I've got a Hasselblad 503 CX equipped with the Planar 80 2.8. At the moment, I'm planning a reportage with this camera. The point is... focusing through the viewfinder is driving me insane.

How can I avoid this ? I mean... Do you thing I need a metering prism ?

If so, which one ?

Thanks in advance.
Question is how much do you want to spend and is metering important? The ultimate is probably the spendy PME45, but for film cameras the PM90 or PME 90 is a very nice unit. The PM5 is fairly light weight and maybe in the $350 range.

Good luck. T
I have a PM90 and a microprism/split image focusing screen. Focusing is a snap and dead on every time. Do you really need a metering prism? Get a good indicent/flash meter like the Sekonic L-358 and you are set.
I used to have a 503c/x and it is a great camera. Does your camera have the acute matte focusing screen or a standard one? I think they were fitted with an acute matte as standard but I bought mine second hand and it had a standard screen. If yours is the standard focusing screen, I'd try to get hold of an acute matte screen. My eyesight is far from perfect and the acute matte screen was a big help to me. My other comment is that the Hassy 500 series cameras aren't really optimal for reportage style photography. Clearly, it's your choice but getting the focus nailed (with the viewfinder screen or a metering prism), sorting the exposure and composing the photo might mean you miss a fair percentage of opportunities. You can, of course, zone focus and, assuming the light isn't too variable, just compose and shoot - but, with only 12 on a roll, you might end up wishing you had a 35mm to-hand.
I have a pme 90 and a pm 45 on a CM 501 and the latter is my clear preference. The PME 90 is much too heavy and brings the camera completely out of balance when hanging around your neck.

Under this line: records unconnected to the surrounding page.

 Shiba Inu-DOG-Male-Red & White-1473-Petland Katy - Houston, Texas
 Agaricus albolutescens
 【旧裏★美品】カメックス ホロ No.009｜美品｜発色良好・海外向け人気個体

When doing a reportage I would use a high speed film (ISO 400 and above) so that at daylight you have f8 or higher and hence a reasonable depth of field and sharp images even if you havent 100% precisely focused. i personally have moved from the 80 mm to the 50 mm where the DOF is even larger.

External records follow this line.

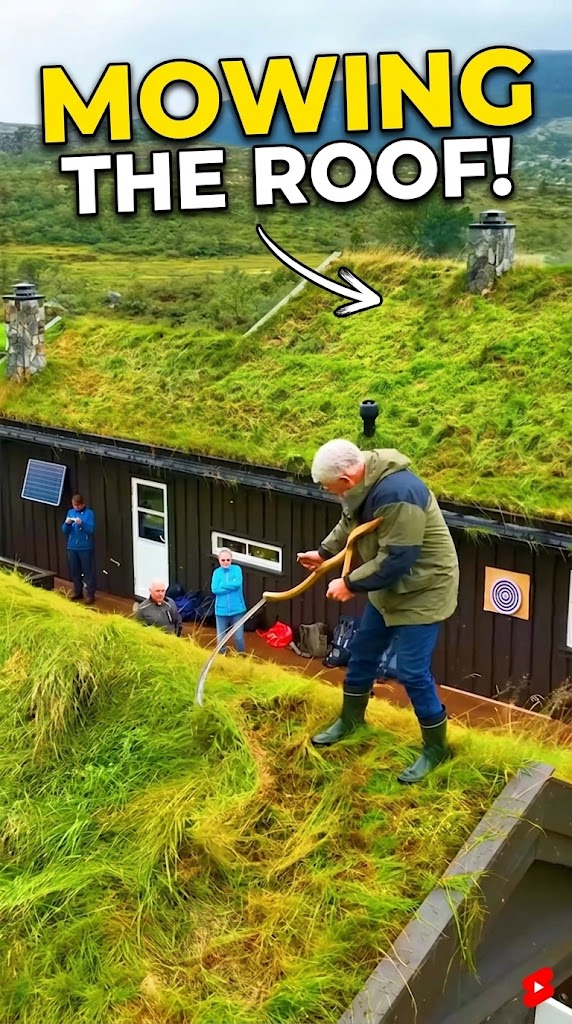 Norway Grass Roofs Unifi Coverage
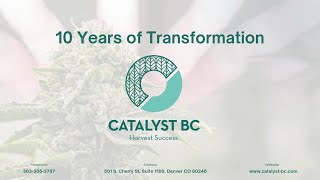10 Years of Transformation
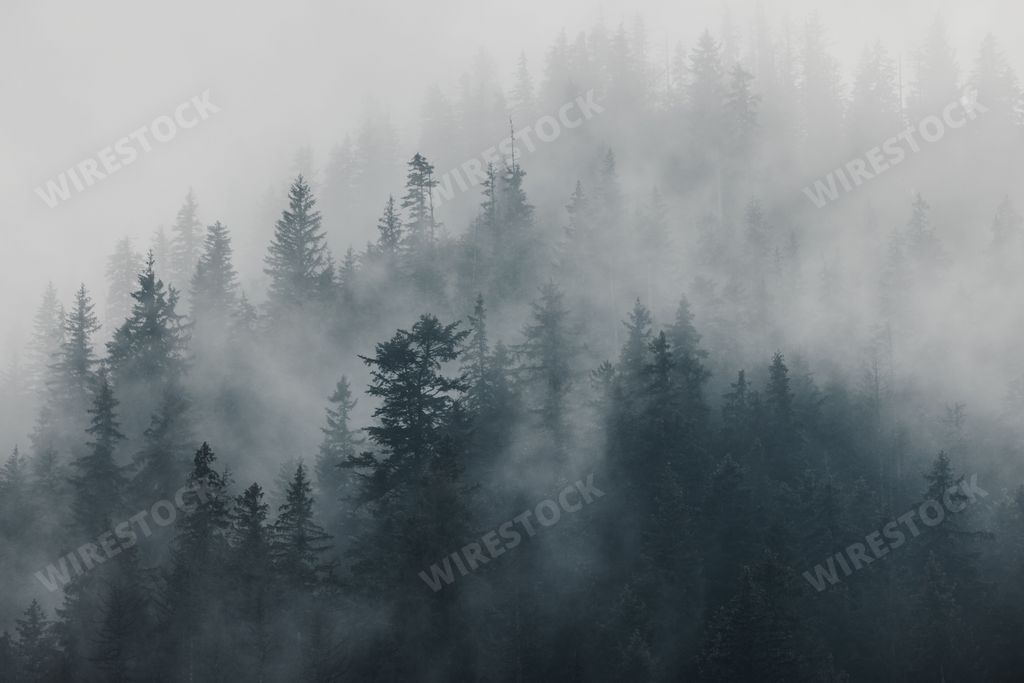 An aerial view of dark dense green forest on a foggy day - gloomy, mysterious wallpaper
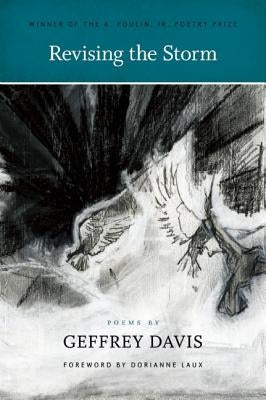 Revising the Storm by Davis, Geffrey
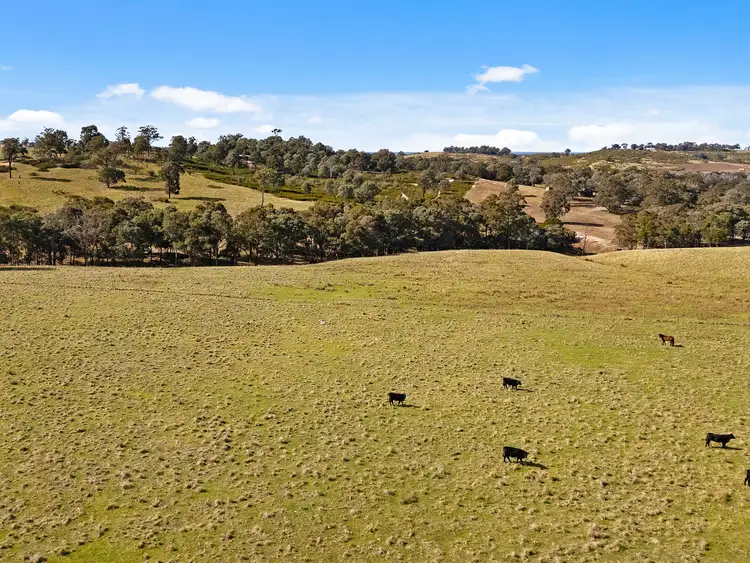 Fourth view of Homely rural property listing, 270 Kentucky Road, Newry VIC 3859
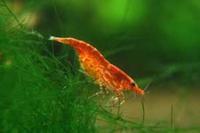 Red Cherry Shrimp for Sale £1.00 each will trade for equipment or food
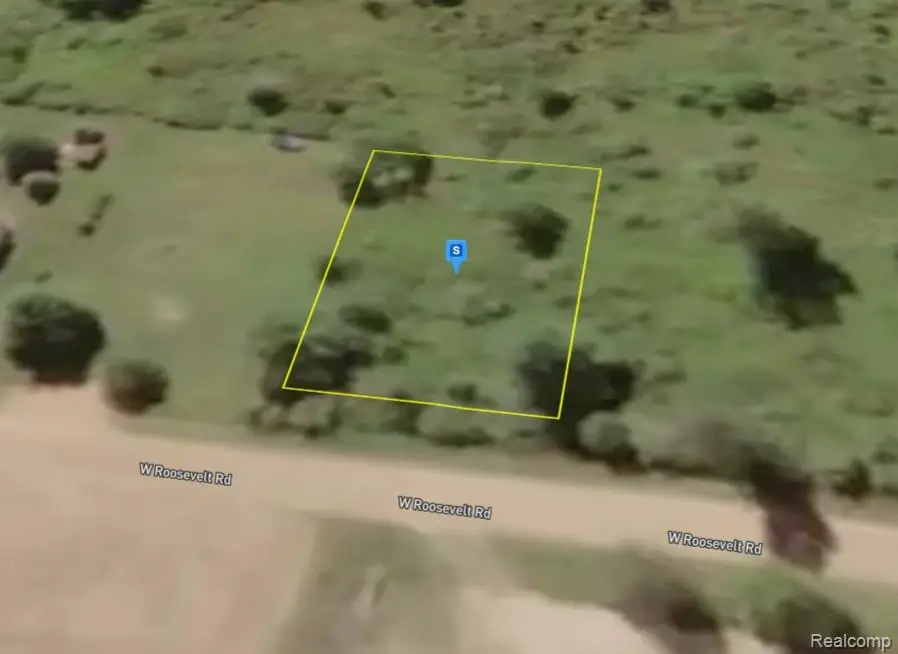 4231 W Roosevelt, Middleton, MI 48856 - #2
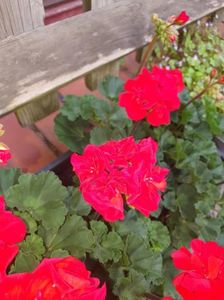 Messenger_creation_F4636DA0-62D5-4FE7-AFFD-54147A5EFF94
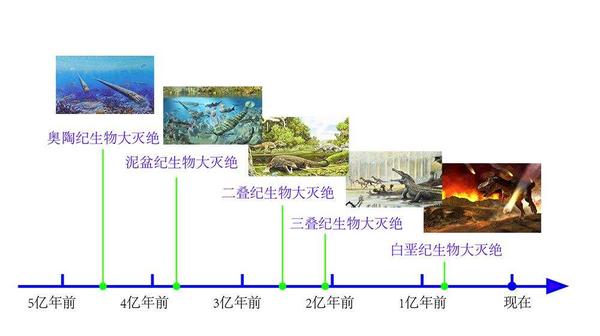 历史上几次灭绝事件里找办法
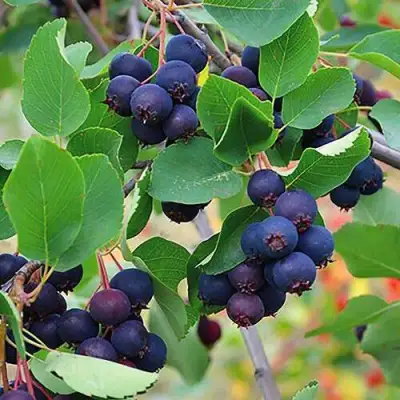 Ирга THIESSEN в Фаниполе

I use this setup (cm501, pm 45, 30 mm lens) with the digital back CFV 50c-II and am perfectly happy as I typically dont even use the lightning metter but make an educated guess for the aperture stop. This is right in most of the cases and if not, then I see it immediately on the back screen and can adapt it for a second shot.
That was my fault, missed the year LOL. But I have just started spending time with the CFV 50c back on my 503cxi, and the PME makes focusing for the digital sensor a lot easier. I use a tripod, so I don’t mind the extra weight. Sorry for the old revival!
Are you aware of what "hyperfocal distance" is? It is also called zone focusing. Do you have a microprism/split image screen? If not, invest in one.
@500CMfan, if you are asking me about hyperfocal distance, yes. For far landscapes (coastal) that is all I use. However, closer focusing and portraits show poor focus techniques quickly just as high resolution digital shows camera movement faster.